I will consider these questions in greater depth in my next post, about Heaven and Hell.  In this post I will consider more prosaic concepts of life after death.  This post will consider souls that remain in our own world and walk among us as ghosts or reincarnated individuals.

The Contemplation of Non-existence
People are reluctant to admit the reality of personal death.  It is somehow counter-intuitive to conceive of ceasing to exist, despite the ready analogues of sleep, which we use so frequently as a euphemism for death.  Perhaps we cannot contemplate non-existence, because the contemplation itself presupposes existence.  How could we imagine the feeling of non-existence?  We cannot.  And so, people have developed beliefs based on the continuation of the human self, because we are unable to imagine actual death.

But, for the sake of argument, suppose we accept the idea that people possess an immortal soul.  What do we think about the afterlife?  What conclusions can we reach by thinking about the traditional ideas of ghosts, spirits, heaven and hell? 

A Christmas Carol
Charles Dickens’ “A Christmas Carol” is an absolute masterpiece.  Often performed in film and on stage, "A Christmas Carol" is essential reading for everyone, because of its clarion call for human kindness.  [If you haven’t read it, go read it now.  Seriously, right now.  I’ll wait.]   “Christmas Carol” is also noteworthy for its unflinching look at the dark side of human character, in negligence and cruelty. 


The story is filled with non-human spirits, as well as human ghosts.  The human ghosts suffer for their misdeeds during life – not in hell, as is usually presumed, but through daily coexistence with a world they can no longer touch.  The souls of those who were good in life are not seen floating above the streets of London; presumably they are in a better place.  “A Christmas Carol” is a work of fiction, but it draws on beliefs that are still held by many people.   I suppose if such ghosts were real and sometimes perceived, as by Mr.
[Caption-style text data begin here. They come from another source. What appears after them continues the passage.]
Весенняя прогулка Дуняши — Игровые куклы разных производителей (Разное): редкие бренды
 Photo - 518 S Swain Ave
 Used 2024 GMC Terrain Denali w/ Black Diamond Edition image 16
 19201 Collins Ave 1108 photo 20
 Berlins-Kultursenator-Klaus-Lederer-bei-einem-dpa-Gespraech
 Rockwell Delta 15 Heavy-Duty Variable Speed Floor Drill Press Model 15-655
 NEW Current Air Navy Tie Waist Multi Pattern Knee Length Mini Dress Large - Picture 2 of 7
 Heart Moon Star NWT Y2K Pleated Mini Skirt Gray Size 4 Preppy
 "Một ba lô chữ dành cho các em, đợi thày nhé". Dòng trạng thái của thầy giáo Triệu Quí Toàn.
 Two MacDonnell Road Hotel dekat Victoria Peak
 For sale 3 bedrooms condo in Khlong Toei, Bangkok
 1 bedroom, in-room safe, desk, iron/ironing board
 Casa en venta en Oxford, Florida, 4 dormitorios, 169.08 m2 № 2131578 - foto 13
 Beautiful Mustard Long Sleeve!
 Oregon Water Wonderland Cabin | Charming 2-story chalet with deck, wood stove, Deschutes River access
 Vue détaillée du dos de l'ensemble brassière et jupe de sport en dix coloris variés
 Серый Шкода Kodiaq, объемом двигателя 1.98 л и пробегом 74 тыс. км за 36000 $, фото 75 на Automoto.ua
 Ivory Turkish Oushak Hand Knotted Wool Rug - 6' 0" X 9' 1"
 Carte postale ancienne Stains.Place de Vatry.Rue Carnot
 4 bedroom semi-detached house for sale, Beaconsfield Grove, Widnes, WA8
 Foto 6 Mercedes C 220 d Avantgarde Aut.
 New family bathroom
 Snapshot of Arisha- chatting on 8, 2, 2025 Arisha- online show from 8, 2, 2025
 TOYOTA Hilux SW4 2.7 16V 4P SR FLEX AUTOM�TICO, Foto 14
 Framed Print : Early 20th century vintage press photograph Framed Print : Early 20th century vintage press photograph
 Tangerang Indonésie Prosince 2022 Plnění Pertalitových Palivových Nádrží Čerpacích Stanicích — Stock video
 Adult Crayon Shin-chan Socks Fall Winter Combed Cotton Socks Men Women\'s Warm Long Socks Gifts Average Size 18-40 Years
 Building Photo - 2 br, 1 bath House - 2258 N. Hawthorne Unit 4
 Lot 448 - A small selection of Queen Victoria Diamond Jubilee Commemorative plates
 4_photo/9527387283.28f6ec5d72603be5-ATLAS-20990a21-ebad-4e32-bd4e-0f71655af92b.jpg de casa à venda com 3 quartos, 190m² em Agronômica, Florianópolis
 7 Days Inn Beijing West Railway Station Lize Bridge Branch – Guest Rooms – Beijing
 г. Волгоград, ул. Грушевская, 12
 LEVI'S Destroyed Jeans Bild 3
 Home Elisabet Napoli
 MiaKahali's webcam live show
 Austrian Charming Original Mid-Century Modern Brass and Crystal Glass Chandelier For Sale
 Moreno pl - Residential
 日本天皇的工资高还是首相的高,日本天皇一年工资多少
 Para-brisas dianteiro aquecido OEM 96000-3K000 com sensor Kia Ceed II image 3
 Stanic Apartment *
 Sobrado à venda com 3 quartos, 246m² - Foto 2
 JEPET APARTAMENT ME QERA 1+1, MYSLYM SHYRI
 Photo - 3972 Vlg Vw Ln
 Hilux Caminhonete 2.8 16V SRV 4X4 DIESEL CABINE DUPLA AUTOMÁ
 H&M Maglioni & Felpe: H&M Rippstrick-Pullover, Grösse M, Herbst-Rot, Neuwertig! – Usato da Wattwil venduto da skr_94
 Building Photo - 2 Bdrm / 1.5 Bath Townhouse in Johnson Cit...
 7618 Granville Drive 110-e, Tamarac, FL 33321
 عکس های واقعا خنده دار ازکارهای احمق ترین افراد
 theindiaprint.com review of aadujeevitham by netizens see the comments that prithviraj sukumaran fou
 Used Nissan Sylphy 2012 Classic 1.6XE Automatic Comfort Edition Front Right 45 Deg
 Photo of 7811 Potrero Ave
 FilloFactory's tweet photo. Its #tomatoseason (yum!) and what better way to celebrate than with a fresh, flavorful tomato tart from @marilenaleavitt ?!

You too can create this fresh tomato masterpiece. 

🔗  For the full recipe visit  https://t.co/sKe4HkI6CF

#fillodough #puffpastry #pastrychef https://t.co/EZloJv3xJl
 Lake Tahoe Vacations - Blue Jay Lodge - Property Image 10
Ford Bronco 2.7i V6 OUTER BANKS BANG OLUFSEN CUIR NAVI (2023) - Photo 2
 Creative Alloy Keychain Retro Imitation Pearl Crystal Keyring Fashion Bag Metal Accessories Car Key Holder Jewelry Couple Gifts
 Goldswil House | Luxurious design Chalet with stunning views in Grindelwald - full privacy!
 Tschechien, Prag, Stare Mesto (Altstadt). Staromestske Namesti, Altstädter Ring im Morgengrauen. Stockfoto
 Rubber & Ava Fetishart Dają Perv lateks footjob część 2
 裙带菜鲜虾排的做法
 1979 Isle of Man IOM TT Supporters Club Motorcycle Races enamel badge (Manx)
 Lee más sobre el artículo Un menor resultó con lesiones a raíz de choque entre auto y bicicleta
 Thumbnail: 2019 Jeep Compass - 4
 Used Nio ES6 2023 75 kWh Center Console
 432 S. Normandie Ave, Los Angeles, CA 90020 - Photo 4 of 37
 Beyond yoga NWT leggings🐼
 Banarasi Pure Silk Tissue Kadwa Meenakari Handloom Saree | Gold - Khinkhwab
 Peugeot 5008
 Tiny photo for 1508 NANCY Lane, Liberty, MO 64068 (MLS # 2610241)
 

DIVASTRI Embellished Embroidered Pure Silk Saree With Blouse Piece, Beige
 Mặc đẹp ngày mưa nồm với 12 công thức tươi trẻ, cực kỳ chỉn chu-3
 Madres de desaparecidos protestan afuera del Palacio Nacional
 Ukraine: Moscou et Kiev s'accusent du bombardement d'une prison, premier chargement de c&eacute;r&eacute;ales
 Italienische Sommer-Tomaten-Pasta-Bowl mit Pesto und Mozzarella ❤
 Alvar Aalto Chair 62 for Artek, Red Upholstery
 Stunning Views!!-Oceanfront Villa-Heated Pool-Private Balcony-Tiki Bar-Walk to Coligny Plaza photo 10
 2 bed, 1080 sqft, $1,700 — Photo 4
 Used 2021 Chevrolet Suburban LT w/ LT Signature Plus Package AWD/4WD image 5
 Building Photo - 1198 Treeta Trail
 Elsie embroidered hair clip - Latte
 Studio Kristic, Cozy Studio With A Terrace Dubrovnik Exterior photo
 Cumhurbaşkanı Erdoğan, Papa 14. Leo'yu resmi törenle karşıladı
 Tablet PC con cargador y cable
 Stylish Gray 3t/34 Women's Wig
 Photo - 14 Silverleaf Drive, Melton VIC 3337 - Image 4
Scrooge, they would play a rational role in the world, as a warning to others to treat others well during life, exactly as in the story.



Ghosts
I Ain’t Afraid of No Ghosts!
                                                           
Ray Parker, Jr. ,“Ghostbusters”, song

Ghosts conveniently appear when there is no way to document the occasion, and leave no trace, direct or indirect, of their existence.  Some might ask why it is so hard to believe in the unseen, when physicists’ descriptions of reality include such concepts as dark matter and dark energy, which have never been observed in direct interaction with ordinary matter.  Another kind of unseen reality is contained in physicists’ description of the multiverse – an infinite number of alternate realities, existing in parallel with our own universe.   What is the difference between those versions of reality and the idea of ghosts?  The answer lies in the repeatable evidence of the weak interaction of those phenomena with our own physical reality.  Dark matter and dark energy are apparent, even inescapable conclusions, based on the variance of the motion of galaxies from the motion predicted by the theory of gravity.  And evidence for the multiverse is clear and repeatable in the interaction of quantum particles with unseen shadow particles outside of our reality.  What is lacking in the search for ghosts is repeatable evidence.   Is it possible that reality contains elements which are capricious, lacking in physical evidenced, taunting our logic and reason?  It may be possible, but I choose not to believe in such a perverse vision of reality.  (Or in a God who would create such a perverse reality.)   In my opinion (and this is only opinion), there will always be stories of earthbound ghosts, and those stories will always be false.

Reincarnation
And I feel…
Like I've been here before.
And you know it makes me wonder
What's going on under the ground. 
Do you know? Don't you wonder?
What's going on down under you?
We have all been here before, we have all been here before.
                                                                        David Crosby, “Déjà vu”, song.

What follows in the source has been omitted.